Im Englischen gibt es keine Linksunterzeichneten, i.V., ppa, Handlungsbevollmächtige usw. Es gilt als überheblich, mehrere Titel zu führen (wie Prof. Dr. Dr. h.c.). Akademiker führen ihre Titel praktisch nie. Selbst Angaben wie "lic.iur." oder "dipl.ing. ETH" erscheinen nur in CVs. Daran hält sich übrigens auch das NZZ Folio, wenn es Autoren nennt.

Umlaute:

Die Setzer in England und den USA haben unterdessen auch Umlaute und können Zürich und Düsseldorf und Rüegg richtig schreiben. Die amerikanische Ice-Cream-Firma Häagen-Dazs liefert den schlagenden Beweis dafür. Zurich (frz. Schreibweise in englischen Texten) ist Schnee von gestern. Die Zurich Insurance darf meinetwegen so weitermachen, weil sie 1892 im HR eingetragen wurde.

USA/UK:

In einigen Fachgebieten (z.B. Autos, Elektrotechnik) gibt es in der Terminologie erhebliche Unterschiede, die sich selbst mit "atlantischem Englisch" nicht unter einen Hut bringen lassen. Ein Beispiel: die Motorhaube ist in England "bonnet", in den USA "hood". Ein Amerikaner kann mit "bonnet" nichts anfangen, ein Engländer mit "hood" auch nichts. In der Schweiz weiss wohl auch nicht jeder genau, was ein Geheimrat ist. In Österreich gibt's die jedoch in rauhen Mengen.

Witze:

In den USA weiss kein Mensch, was ein Manta-Fahrer ist. Die Amerikaner kennen auch den Tällebach Kari nicht. Blondinen-Witze gibt's indessen auch drüben, und Österreicher-Witze auch, nur sind es dann die Polen, die dran glauben müssen.

Zahlen:

Die Schreibweise von Zahlen ist im Englischen anders. Es heisst dort nicht "zehnkommavier" sondern "tenpointfour" – entsprechend schreibt man 10.4 statt 10,4 (Prozent, zum Beispiel). Ausserdem werden Tausender mit Kommas getrennt, also 1,000,000 = 1 Million. In Jahresberichten etwa kann man also die Tabellen nicht unbesehen übernehmen.
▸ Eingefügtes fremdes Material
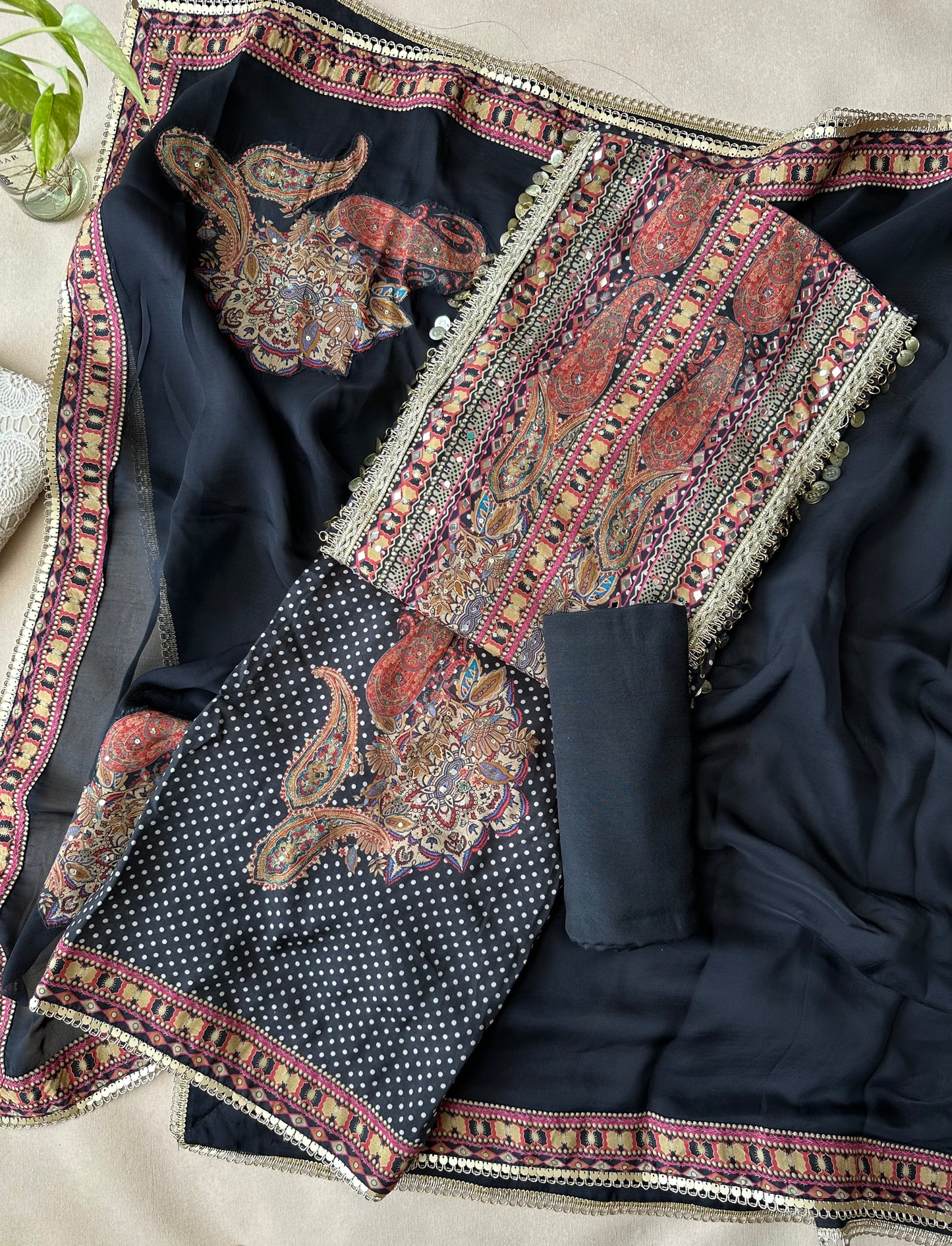 Black Polka Dot Pure Muslin with Applique Print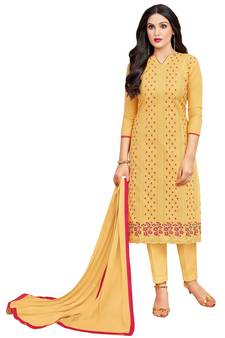 Mustard embroidered cotton salwar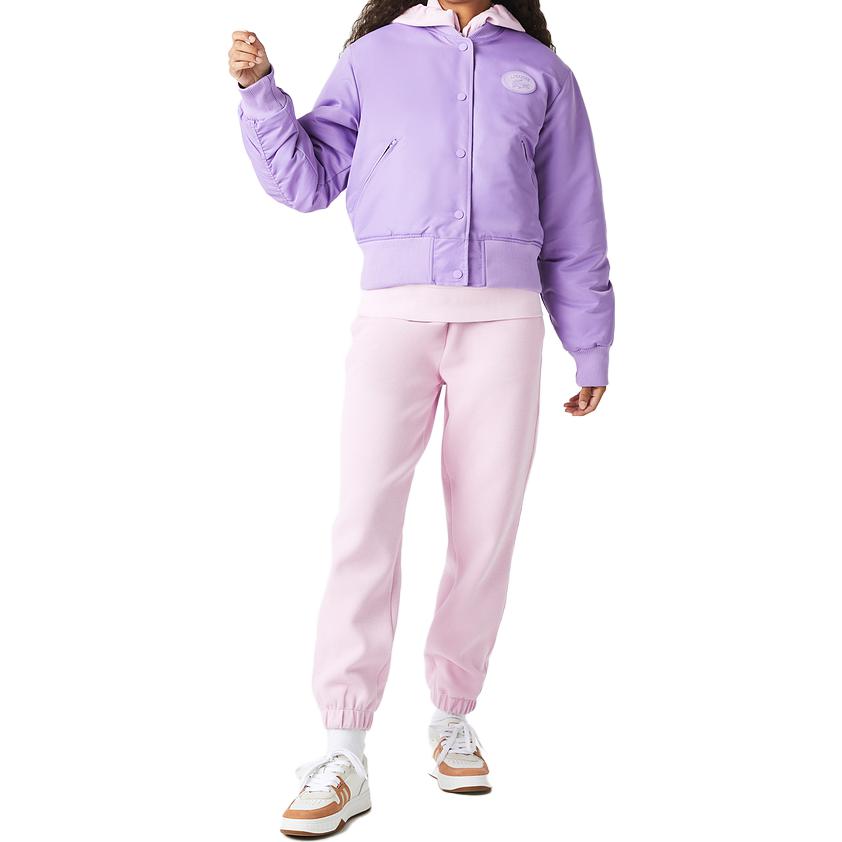 (Women) LACOSTE  Purple Varsity Jacket with Logo and Snap Buttons Casual Style. BF0018-GFU 圖 3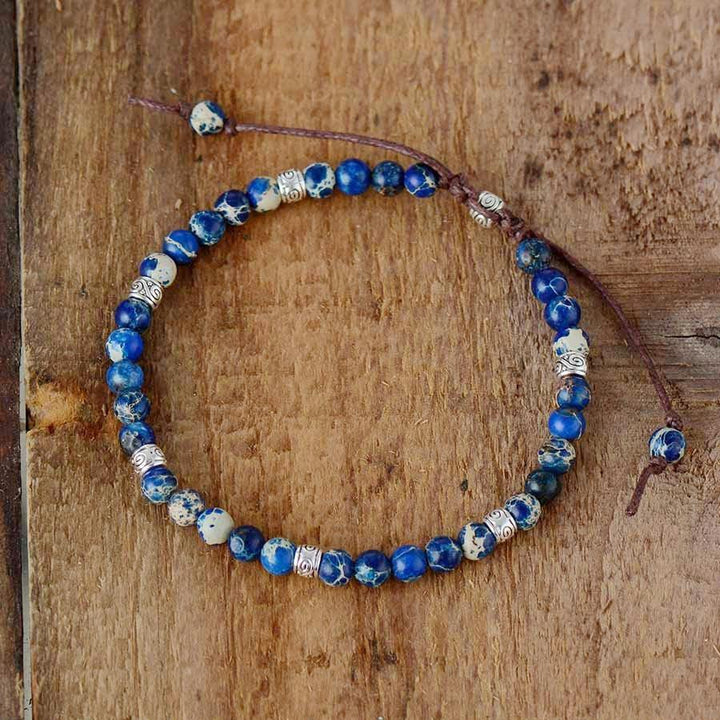 Tibetan Wisdom Purple and Blue Impression Jasper Friendship Bracelet - youwows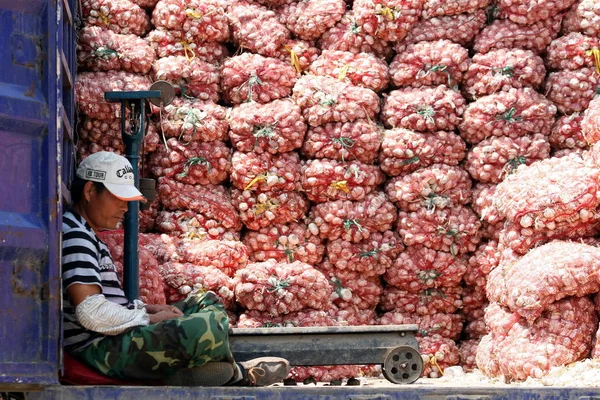 Vendedor Chino Sienta Junto Sus Bolsas Ajos Camión Mercado Mayorista — Foto de Stock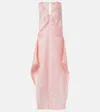 Khaite Kenith Flared Silk Organza Maxi Dress In Pink
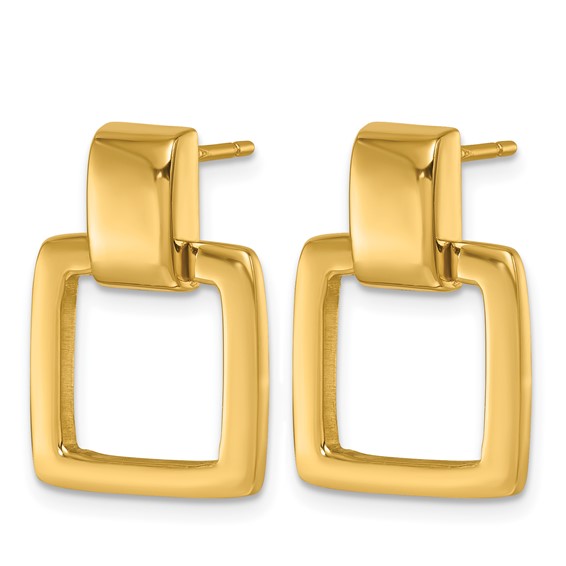 Herco 14K Polished Square Link Post Dangle Earrings
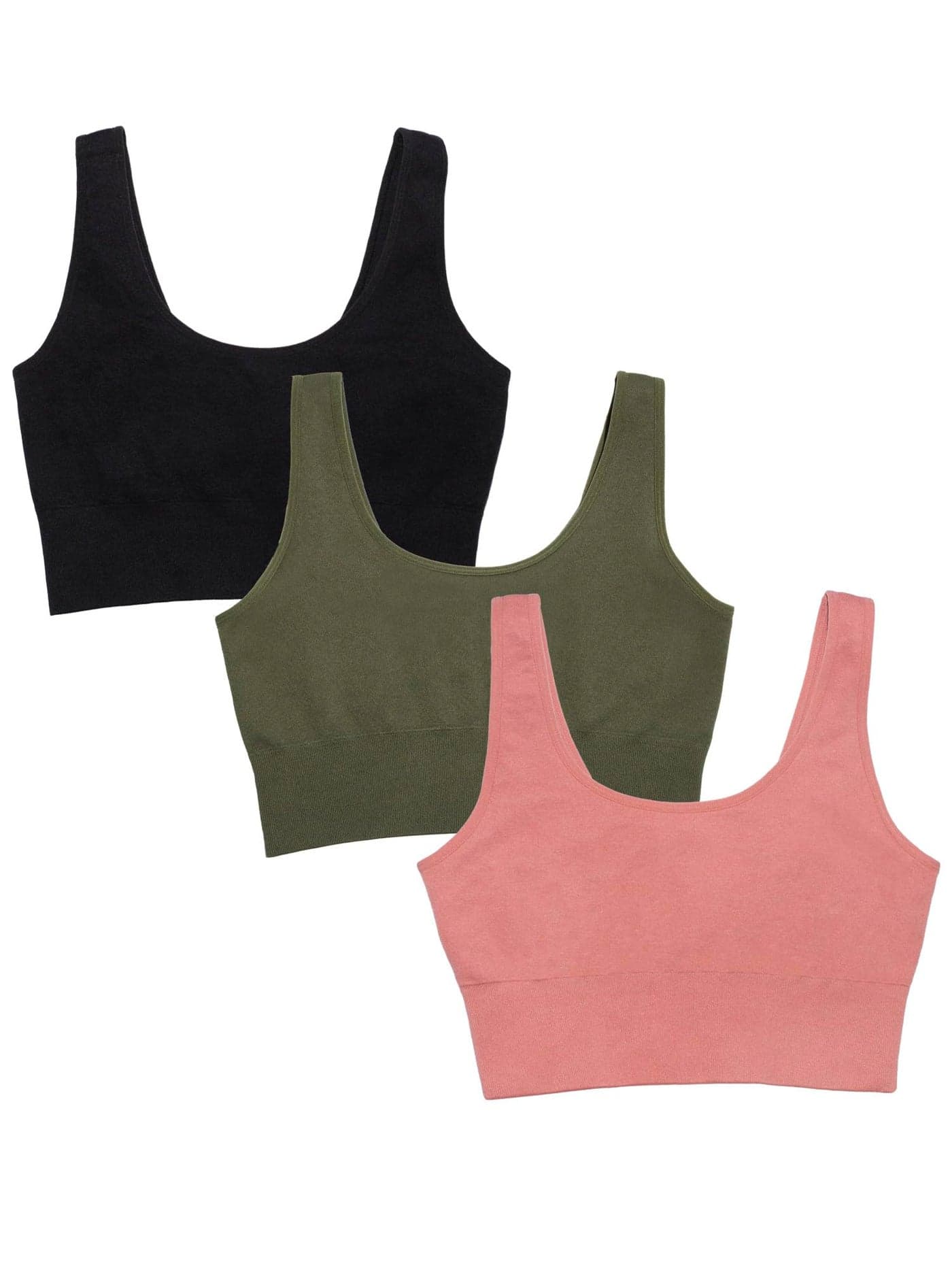 Fruit of the Loom Women’S 360 Stretch Seamless Longline Sport Bra 3 Pack, Comfortable Wireless Bras, Seamless Full-Coverage for A Natural Shape Desert Dusk/Olive Night/Black XL
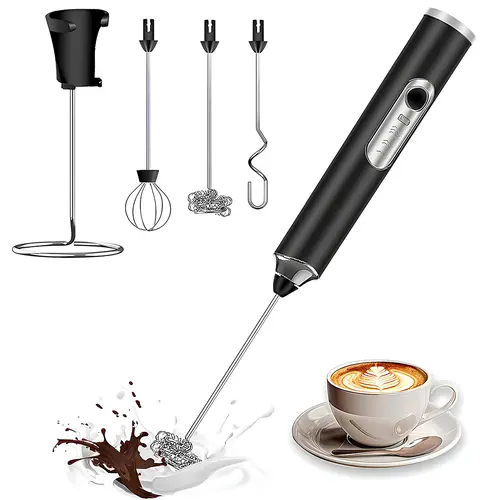 Milk Frother Handheld with 3 Heads, mix Fruit juice powder，Prebiotic Powder，Electric Whisk Drink Foam Mixer with USB Rechargeable 3 Speeds, Mini Frother for Coffee Latte, Cappuccino, Hot Chocolate, Egg,home essentials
Die Angabe 1,112 g liest der Engländer und Amerikaner bei nicht zwingendem Kontext als tausendeinhundertzwölf Gramm. Das kann nicht nur beim Herstellen von Bomben verhängnisvoll sein.

Zitate:

Stammt das Originalzitat aus dem Zielsprachenraum (z.B. Shakespeare oder Churchill, wenn ins Englische übersetzt werden soll), so kann das Recherchieren sehr zeitaufwendig sein. Quellenangaben liefern. Der Übersetzer darf Zitate aus anderen Sprachen nach eigenem Gutdünken in die Zielsprache übertragen.